PROBLEM TO WORK ON
Would you give back exactly the lines from the line with "Download Lagu [FNF]//Ugh//" through the end of the entries below, both included, but none of the pictures?

STORED DATA
########

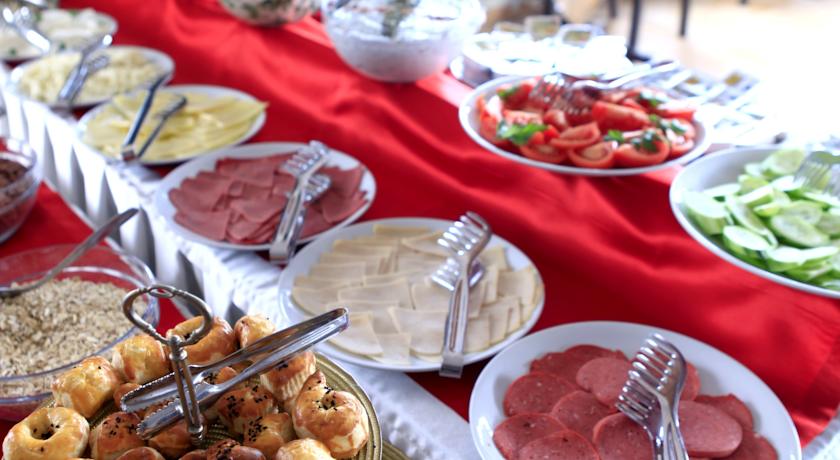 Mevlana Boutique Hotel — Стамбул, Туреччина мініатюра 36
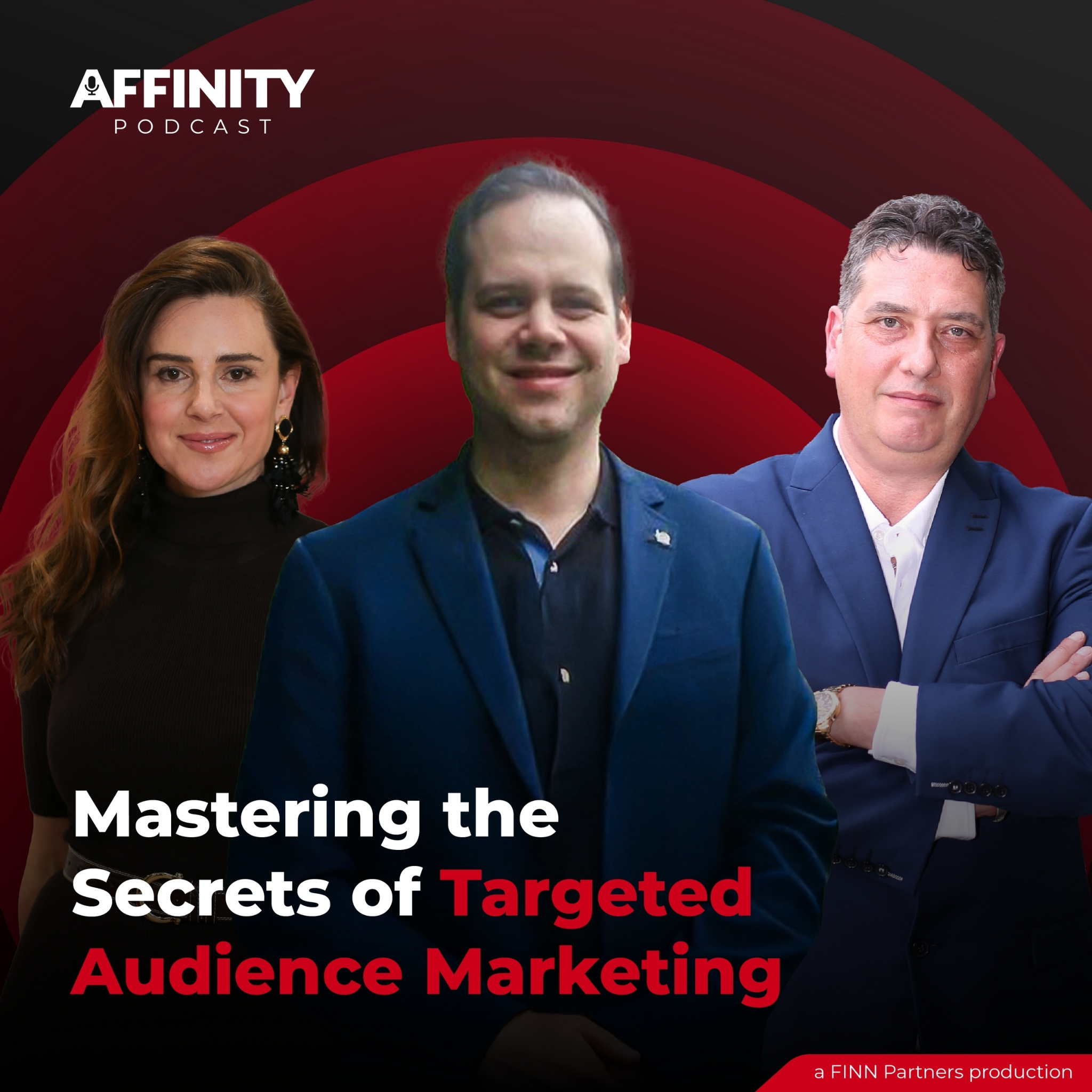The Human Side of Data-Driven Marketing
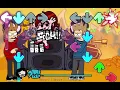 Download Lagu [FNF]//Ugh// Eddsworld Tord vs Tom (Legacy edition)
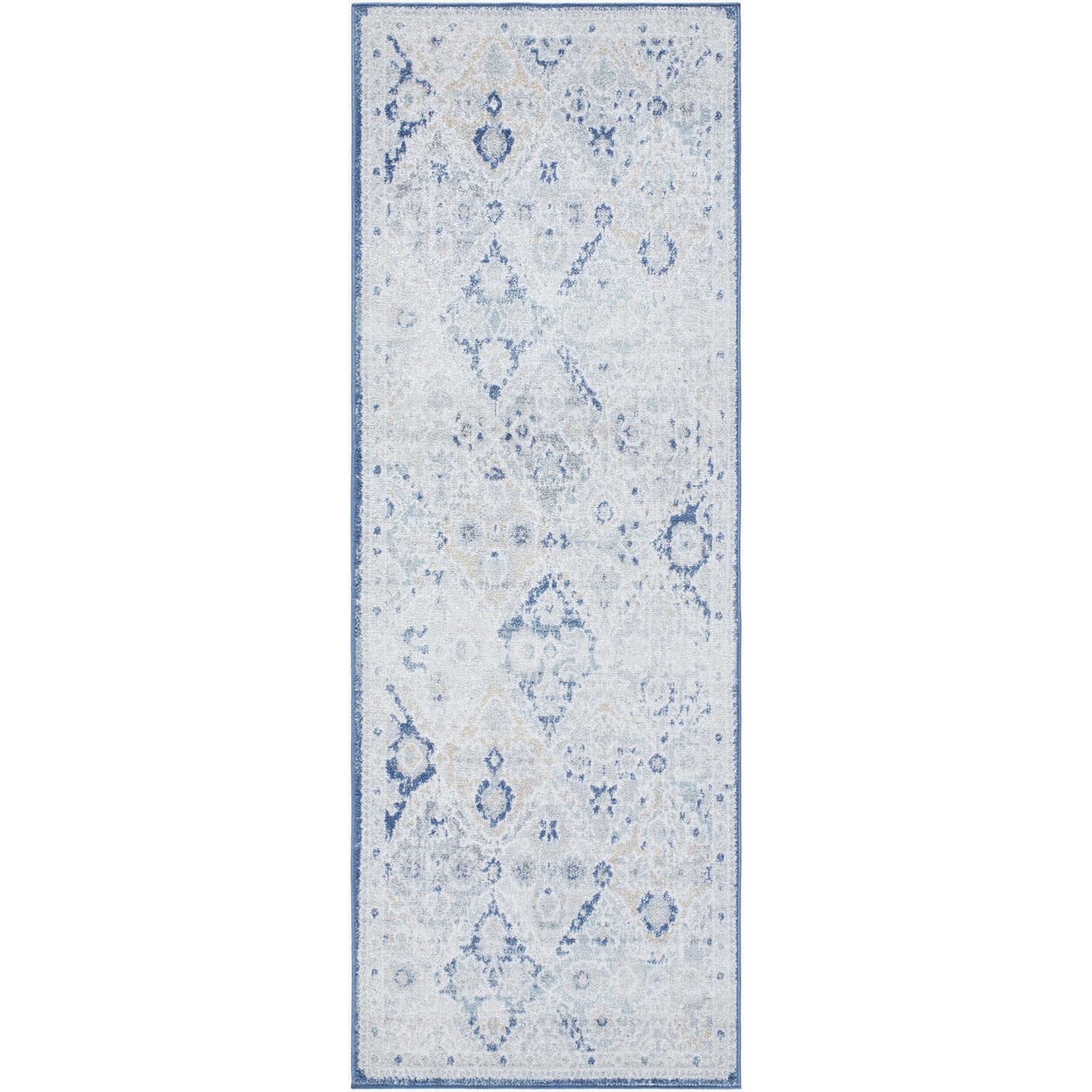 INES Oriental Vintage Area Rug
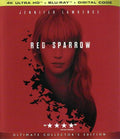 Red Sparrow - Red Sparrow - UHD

########

SOLUTION TO THE EXERCISE
 Download Lagu [FNF]//Ugh// Eddsworld Tord vs Tom (Legacy edition)
 INES Oriental Vintage Area Rug
 Red Sparrow - Red Sparrow - UHD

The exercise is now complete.